Problem requirements
Return exactly, please, the line that contains "306-8235 8 Avenue" and every line after it through the end of the material that follows, leaving pictures aside.

Supplied information
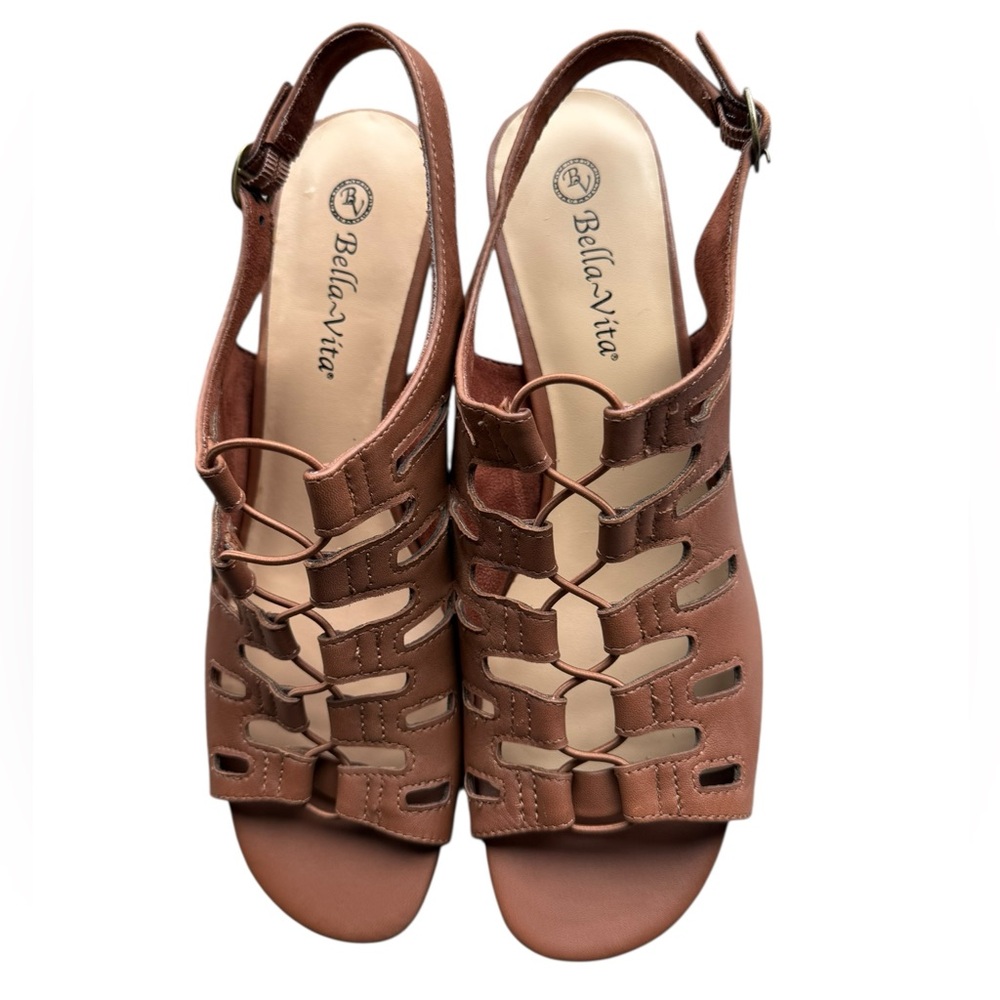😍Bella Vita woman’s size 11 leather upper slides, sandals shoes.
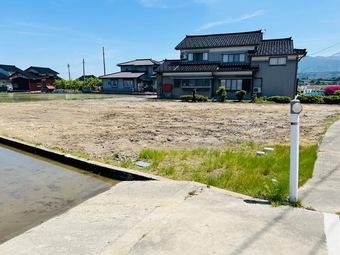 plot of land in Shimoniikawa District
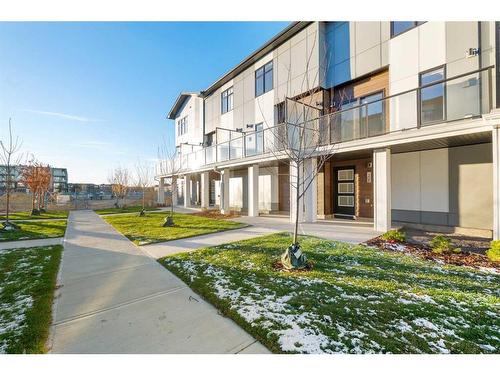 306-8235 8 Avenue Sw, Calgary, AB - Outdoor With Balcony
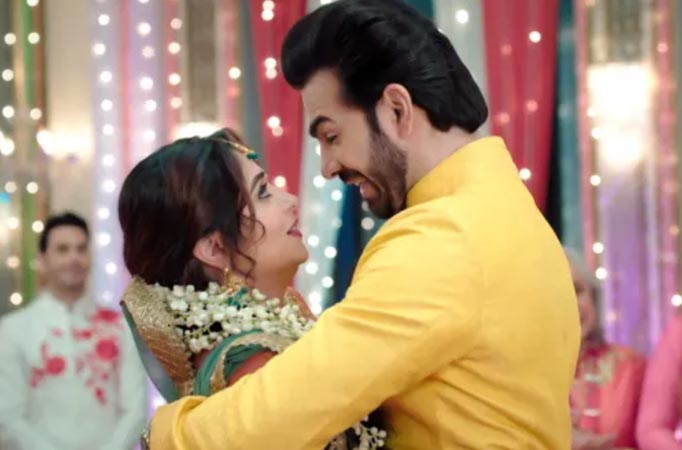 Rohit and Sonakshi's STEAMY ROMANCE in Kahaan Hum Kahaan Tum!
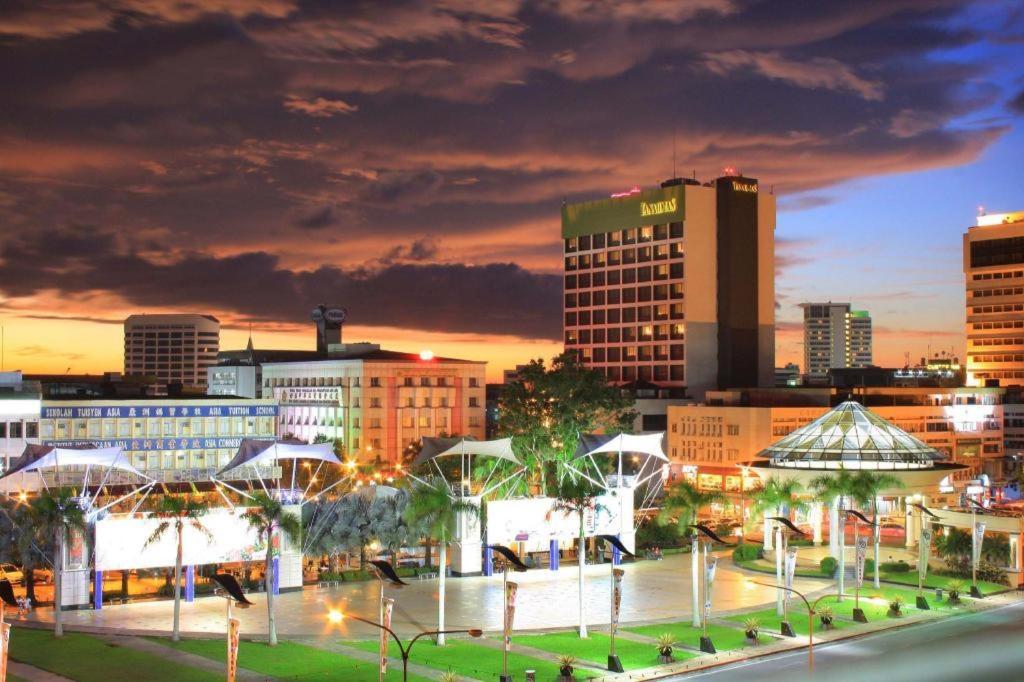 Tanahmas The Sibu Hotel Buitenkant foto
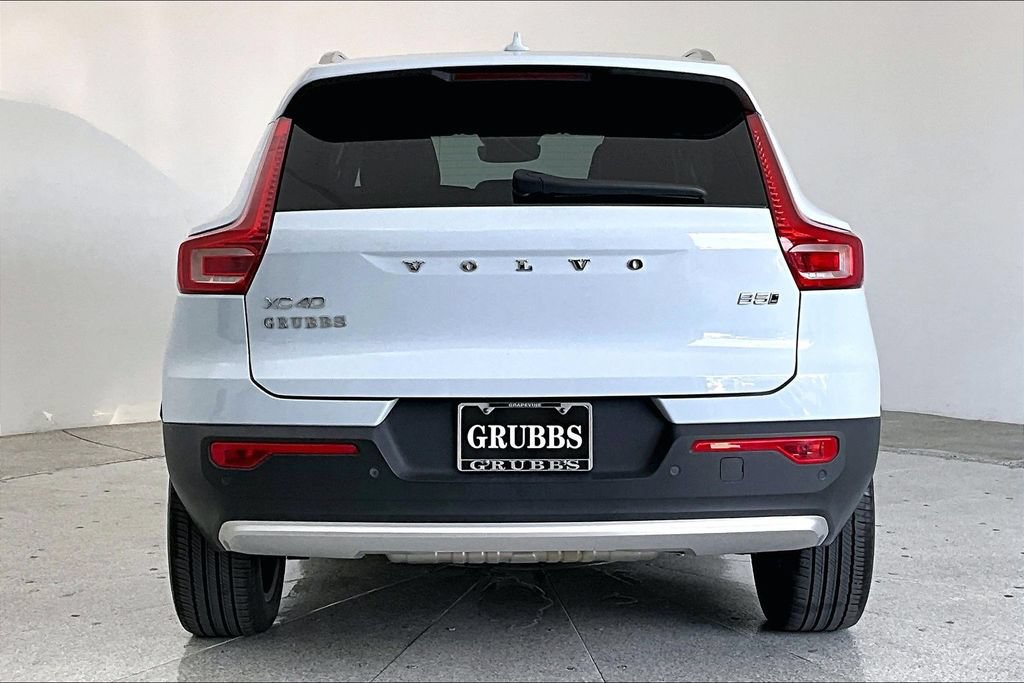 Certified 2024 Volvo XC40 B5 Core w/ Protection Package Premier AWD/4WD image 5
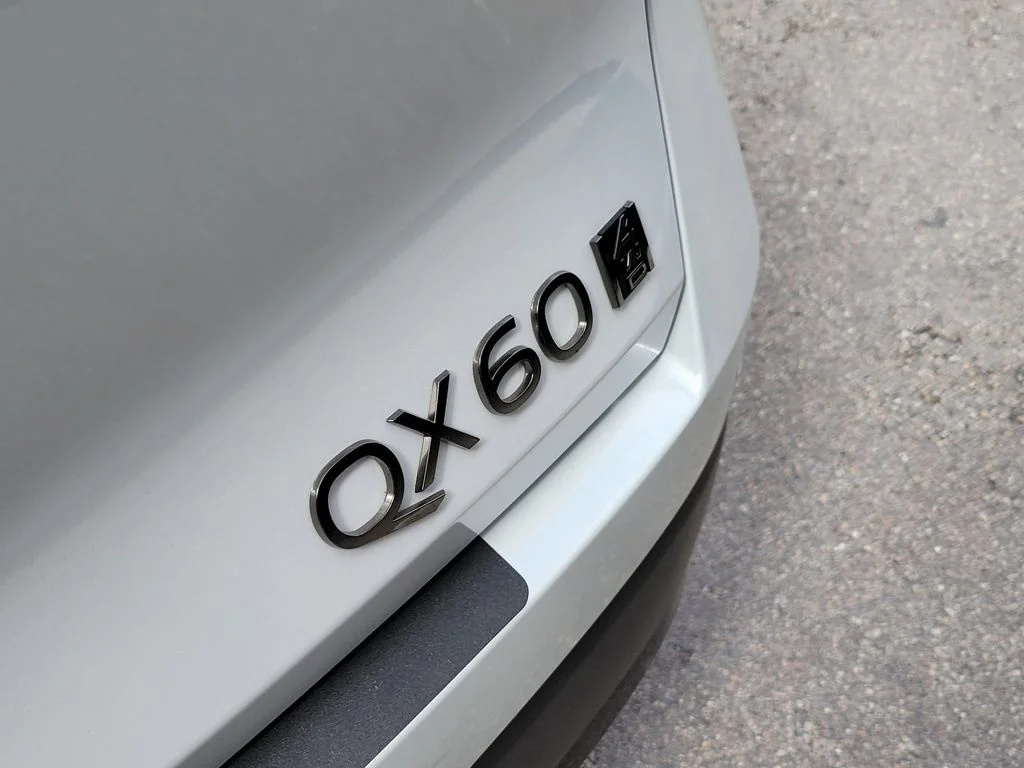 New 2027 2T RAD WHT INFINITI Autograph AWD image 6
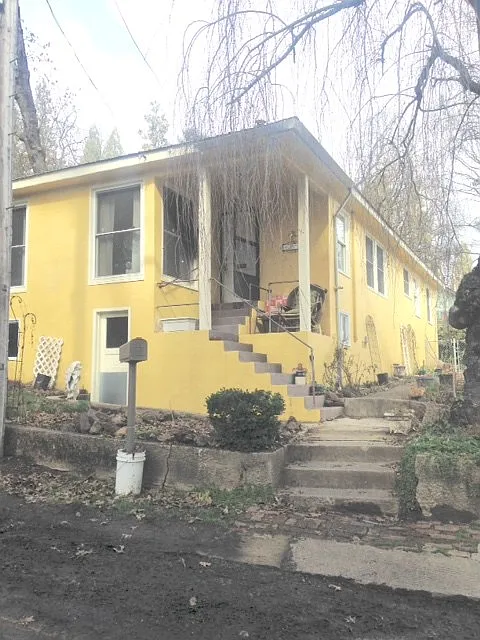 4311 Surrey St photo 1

Answer to this task
 306-8235 8 Avenue Sw, Calgary, AB - Outdoor With Balcony
 Rohit and Sonakshi's STEAMY ROMANCE in Kahaan Hum Kahaan Tum!
 Tanahmas The Sibu Hotel Buitenkant foto
 Certified 2024 Volvo XC40 B5 Core w/ Protection Package Premier AWD/4WD image 5
 New 2027 2T RAD WHT INFINITI Autograph AWD image 6
 4311 Surrey St photo 1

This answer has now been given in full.